Le droit du travail en système capitaliste
En tant qu’agents du ministère du travail notre mission est d’appliquer un droit du travail censé protéger les salariés. Comment doit-on considérer ce droit ? Le droit du travail est-il un droit protecteur ou le droit du capital et du travail subordonné ? Le droit du travail est fondamentalement ambigu, à la fois outil de politique économique ou moyen de politique sociale. Le droit du travail est un droit protecteur pour les salariés ET le droit du capital.
Ce droit n’est « protecteur » que dans certaines limites qui sont celles du capitalisme. Pour exemple il n’y a pas et il n’y aura jamais de réelle définition contraignante du motif économique sur le fond. La grève n’est tolérée qu’une fois vidée de son potentiel révolutionnaire avec l’interdiction des grèves dites « politique » et de solidarité, la sacro-sainte « liberté du travail » pour les non grévistes. Le travail sera toujours soumis à la loi du profit et à la toute puissance patronale de disposer librement et privativement du travail d’autrui, de l’organiser et de s’en séparer.
De ce point de vue le droit du travail organise le travail subordonné et les règles de concurrence entre entreprises mais dans le même temps il pose certaines limites à la relation d’exploitation. Plus, l’instauration d’un droit du travail minimum est indispensable au système capitaliste, il lui permet de fonctionner et de se reproduire, en offrant à la main d’œuvre des garanties sans lesquelles elle s’épuiserait et en maintenant la paix sociale.
Ainsi le droit du travail révèle la vraie nature du pouvoir politique en général, de la social-démocratie en particulier.
C’est dire que ce droit n’est pas l’œuvre d’un législateur bienveillant, agissant au nom de l’ « intérêt général ». Dans le système capitaliste qui l’a vu naître et se développer, il est en effet le produit des luttes entre patrons et travailleurs. L’encadrement de cette subordination fondamentale du travail, le degré de protection et les évolutions du droit dépendent essentiellement du niveau de mobilisation des travailleurs et des rapports de force sociaux. C’est bien à la réalité de ces rapports de forces à laquelle nous sommes confrontés en permanence.
Quelle mission et quel positionnement pour l’agent de contrôle ?
Ce préalable doit orienter notre positionnement en tant qu’agent de contrôle. Nous ne cherchons pas à appliquer le droit du travail comme une fin en soi, mais bien en ce qu’il peut être utile aux travailleurs à titre individuel et collectif.
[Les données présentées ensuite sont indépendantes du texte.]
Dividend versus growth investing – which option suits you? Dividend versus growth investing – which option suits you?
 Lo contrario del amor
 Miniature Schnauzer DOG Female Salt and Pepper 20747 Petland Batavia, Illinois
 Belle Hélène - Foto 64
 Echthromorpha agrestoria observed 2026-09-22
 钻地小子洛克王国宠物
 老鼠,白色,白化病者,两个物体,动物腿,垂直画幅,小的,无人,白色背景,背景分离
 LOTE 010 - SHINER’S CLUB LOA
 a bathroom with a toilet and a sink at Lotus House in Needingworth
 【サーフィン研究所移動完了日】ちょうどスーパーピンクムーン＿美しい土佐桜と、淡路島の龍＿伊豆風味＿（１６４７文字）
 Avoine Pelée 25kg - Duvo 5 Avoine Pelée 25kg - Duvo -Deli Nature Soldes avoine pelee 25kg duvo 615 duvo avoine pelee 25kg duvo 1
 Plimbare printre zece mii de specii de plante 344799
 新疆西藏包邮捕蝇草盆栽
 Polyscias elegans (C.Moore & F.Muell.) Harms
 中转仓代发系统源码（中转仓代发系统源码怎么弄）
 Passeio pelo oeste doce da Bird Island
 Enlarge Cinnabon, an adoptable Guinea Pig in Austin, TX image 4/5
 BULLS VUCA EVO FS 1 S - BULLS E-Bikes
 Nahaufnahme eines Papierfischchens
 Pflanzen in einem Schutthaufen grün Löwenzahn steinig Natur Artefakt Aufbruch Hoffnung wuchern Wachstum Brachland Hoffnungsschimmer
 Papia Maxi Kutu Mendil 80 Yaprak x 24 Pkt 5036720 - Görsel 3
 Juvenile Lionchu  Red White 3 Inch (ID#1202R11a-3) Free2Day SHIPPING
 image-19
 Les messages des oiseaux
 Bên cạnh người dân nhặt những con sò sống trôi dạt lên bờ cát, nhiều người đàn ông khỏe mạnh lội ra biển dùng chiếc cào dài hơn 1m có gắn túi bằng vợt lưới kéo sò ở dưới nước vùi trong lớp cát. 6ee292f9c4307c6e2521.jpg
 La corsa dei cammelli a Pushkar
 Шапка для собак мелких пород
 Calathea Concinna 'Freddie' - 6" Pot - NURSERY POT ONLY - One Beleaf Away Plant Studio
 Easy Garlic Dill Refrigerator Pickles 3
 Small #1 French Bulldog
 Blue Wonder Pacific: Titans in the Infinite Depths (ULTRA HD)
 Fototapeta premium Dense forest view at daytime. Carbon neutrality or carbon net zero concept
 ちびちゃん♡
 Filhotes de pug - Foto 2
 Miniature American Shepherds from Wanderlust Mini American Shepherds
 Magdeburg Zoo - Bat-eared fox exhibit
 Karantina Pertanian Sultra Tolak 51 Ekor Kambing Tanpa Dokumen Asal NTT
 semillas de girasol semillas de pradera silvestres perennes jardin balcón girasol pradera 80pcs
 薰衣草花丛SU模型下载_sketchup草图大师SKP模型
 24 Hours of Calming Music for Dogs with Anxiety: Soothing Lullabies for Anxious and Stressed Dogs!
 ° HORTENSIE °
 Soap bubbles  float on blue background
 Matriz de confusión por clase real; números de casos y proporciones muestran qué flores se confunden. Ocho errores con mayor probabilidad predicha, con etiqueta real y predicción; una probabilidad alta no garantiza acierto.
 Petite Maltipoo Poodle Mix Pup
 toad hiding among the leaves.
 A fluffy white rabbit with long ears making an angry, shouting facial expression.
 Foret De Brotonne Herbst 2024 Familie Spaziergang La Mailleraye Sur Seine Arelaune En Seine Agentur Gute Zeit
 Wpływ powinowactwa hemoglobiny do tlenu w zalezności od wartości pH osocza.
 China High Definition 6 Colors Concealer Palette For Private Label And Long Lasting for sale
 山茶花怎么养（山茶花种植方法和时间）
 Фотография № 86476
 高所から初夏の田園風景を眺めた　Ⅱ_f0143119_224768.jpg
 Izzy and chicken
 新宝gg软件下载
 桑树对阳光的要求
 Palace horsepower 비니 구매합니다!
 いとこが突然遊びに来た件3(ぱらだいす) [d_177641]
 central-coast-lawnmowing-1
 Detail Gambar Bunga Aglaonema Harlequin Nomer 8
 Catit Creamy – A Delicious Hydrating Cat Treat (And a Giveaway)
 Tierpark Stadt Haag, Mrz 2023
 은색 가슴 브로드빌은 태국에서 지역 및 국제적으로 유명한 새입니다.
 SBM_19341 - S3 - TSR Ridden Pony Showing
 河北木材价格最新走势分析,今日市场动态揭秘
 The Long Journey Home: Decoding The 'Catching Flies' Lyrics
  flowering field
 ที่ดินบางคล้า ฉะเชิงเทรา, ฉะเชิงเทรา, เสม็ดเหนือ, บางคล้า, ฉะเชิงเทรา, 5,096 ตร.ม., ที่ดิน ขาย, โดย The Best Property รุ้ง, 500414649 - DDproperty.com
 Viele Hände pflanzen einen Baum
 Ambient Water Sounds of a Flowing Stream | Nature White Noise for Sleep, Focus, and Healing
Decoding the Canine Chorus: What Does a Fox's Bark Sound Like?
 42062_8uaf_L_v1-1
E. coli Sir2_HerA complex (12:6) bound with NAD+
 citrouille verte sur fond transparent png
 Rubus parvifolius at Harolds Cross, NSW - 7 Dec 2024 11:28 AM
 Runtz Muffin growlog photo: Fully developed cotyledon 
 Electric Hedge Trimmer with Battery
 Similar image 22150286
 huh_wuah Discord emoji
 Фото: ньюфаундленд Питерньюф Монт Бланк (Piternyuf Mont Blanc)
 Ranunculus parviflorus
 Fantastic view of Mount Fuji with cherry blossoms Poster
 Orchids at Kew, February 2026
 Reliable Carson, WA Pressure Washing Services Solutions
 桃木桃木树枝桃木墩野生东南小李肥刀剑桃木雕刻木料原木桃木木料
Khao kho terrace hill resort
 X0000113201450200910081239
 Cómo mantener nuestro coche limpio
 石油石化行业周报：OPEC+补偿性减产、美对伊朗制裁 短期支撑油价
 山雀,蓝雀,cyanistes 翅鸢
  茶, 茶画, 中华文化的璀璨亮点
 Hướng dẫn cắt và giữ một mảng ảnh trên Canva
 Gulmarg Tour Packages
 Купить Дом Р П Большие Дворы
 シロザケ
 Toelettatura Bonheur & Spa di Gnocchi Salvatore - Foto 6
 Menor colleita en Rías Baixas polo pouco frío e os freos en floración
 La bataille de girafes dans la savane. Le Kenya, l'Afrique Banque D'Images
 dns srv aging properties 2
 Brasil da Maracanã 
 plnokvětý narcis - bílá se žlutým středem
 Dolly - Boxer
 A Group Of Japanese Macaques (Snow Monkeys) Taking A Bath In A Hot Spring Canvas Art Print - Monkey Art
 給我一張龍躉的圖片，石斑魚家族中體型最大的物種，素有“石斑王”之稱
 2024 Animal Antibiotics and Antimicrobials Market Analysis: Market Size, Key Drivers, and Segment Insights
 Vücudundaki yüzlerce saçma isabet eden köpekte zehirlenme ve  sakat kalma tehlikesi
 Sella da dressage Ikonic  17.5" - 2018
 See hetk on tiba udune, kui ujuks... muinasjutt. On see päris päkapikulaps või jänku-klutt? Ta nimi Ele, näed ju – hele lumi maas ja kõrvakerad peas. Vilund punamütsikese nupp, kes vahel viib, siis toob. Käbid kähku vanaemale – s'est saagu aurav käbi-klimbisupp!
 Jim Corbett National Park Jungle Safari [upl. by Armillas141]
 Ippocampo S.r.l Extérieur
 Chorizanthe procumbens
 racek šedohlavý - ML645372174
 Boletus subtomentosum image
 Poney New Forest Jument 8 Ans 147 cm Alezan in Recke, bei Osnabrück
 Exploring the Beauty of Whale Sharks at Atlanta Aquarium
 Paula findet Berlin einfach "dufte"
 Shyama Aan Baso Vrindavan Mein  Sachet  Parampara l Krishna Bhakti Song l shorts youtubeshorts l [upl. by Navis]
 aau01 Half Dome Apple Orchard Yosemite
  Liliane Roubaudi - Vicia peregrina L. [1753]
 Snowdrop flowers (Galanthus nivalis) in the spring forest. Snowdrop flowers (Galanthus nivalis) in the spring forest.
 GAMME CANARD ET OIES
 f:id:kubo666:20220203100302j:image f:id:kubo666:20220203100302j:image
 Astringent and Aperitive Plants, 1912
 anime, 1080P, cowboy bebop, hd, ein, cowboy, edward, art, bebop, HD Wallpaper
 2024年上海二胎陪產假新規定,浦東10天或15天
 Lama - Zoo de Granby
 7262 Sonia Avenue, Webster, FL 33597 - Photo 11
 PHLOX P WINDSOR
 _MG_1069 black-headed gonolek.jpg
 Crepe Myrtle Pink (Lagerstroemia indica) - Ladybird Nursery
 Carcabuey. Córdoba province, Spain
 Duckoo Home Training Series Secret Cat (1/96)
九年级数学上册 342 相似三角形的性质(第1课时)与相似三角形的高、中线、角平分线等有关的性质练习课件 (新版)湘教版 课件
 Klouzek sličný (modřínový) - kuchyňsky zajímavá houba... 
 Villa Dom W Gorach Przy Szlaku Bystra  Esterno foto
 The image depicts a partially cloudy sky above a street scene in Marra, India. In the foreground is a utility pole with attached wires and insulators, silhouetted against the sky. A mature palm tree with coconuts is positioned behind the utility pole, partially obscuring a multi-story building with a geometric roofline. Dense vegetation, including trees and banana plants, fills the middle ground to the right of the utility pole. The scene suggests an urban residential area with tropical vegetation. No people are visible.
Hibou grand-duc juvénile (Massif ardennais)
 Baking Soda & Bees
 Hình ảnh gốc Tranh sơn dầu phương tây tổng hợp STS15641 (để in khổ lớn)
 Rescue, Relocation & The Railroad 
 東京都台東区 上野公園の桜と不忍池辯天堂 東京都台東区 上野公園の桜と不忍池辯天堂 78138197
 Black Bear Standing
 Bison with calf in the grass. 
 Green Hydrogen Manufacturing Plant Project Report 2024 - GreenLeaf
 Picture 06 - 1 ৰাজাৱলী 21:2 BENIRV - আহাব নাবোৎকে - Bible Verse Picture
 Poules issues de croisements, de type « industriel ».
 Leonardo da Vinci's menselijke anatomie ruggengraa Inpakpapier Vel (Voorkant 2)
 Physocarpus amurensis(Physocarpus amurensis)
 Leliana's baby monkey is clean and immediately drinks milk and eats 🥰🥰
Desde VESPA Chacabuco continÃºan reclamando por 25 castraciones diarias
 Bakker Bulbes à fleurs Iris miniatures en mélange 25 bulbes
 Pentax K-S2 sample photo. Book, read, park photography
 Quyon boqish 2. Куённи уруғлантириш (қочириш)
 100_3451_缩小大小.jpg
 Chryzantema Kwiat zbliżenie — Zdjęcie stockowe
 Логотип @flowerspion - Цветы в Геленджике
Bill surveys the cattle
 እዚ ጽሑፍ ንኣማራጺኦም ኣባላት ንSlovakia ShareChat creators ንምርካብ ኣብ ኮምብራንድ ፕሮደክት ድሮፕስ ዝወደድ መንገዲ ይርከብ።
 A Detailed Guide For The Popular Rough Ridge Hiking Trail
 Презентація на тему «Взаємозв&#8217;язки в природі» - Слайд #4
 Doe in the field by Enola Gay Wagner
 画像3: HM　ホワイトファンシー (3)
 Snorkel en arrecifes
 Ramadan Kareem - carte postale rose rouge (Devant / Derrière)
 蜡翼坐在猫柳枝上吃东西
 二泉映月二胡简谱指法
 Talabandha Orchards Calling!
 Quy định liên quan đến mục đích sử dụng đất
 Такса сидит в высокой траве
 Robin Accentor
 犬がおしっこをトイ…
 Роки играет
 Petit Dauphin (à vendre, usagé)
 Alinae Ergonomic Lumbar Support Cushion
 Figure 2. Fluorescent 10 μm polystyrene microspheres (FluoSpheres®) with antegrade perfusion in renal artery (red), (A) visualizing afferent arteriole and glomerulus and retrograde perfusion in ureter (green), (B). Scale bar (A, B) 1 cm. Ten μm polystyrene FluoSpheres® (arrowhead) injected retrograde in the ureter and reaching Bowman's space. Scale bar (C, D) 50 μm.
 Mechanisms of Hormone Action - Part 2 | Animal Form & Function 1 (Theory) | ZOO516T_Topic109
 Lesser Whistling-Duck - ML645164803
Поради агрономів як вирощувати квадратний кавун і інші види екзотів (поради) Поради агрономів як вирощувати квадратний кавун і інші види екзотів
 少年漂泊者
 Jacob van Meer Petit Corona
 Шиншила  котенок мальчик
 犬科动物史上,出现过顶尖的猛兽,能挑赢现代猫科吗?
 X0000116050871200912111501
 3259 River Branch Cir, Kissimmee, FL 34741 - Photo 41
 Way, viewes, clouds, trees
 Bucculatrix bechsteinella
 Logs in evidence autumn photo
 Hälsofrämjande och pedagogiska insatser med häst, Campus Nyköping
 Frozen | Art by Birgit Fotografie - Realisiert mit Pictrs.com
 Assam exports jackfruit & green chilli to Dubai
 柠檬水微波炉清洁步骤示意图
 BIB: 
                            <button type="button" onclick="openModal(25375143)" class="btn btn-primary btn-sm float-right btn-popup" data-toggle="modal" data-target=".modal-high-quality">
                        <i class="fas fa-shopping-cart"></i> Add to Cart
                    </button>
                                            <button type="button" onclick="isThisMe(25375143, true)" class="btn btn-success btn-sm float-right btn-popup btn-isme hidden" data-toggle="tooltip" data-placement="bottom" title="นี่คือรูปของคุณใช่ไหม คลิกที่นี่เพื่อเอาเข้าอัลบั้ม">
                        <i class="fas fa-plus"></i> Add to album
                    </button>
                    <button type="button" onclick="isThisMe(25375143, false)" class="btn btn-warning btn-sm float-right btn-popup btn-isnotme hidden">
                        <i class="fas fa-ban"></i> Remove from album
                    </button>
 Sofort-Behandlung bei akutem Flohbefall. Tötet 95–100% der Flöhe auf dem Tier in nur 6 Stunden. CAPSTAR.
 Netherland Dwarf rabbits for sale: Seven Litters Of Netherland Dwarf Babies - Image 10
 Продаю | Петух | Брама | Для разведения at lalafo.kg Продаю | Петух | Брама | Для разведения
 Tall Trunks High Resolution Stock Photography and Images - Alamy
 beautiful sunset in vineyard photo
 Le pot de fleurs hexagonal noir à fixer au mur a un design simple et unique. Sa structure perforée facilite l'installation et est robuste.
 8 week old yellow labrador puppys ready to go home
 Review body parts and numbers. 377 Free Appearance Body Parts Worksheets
Et ceci ne peut se faire indépendamment des luttes sociales que ceux-ci mèneront pour garder leurs droits et en imposer de nouveaux.
Loin d’être un acteur « neutre » ou « impartial » au dessus de la mêlée, nous sommes engagés dans la mêlée de la lutte des classes. Ce n’est pas parce que nous sommes dans une institution étatique de régulation sociale que nous sommes condamnés à intégrer l’idéologie social-démocrate de la régulation dans notre rapport au travail.
En interne, notre mission n’a de sens qu’en tant qu’elle peut être utile pour faire respecter les droits des travailleurs ou l’aider à faire valoir ses droits devant les prud’hommes. Toute autre mission éventuelle (flicage des étrangers, contrôle d’affichage sur demande du pouvoir politique ou de l’administration, etc.) est étrangère à cette mission.
En externe, nous participons aux luttes du monde du travail par notre engagement direct (manifestations, grèves, etc.) au sein de ces mouvements et participons à diffuser l’information sur ces luttes afin se sensibiliser nos collègues. Au-delà de la participation effective à lutte en question, il s’agit de tenter de faire progresser la conscience de classe. Ce qui signifie pour nos collègues agents de contrôle, les faire de descendre de leur piédestal de régulateurs sociaux, afin qu’ils s’identifient eux-mêmes comme des travailleurs pouvant participer et aider les luttes des autres travailleurs.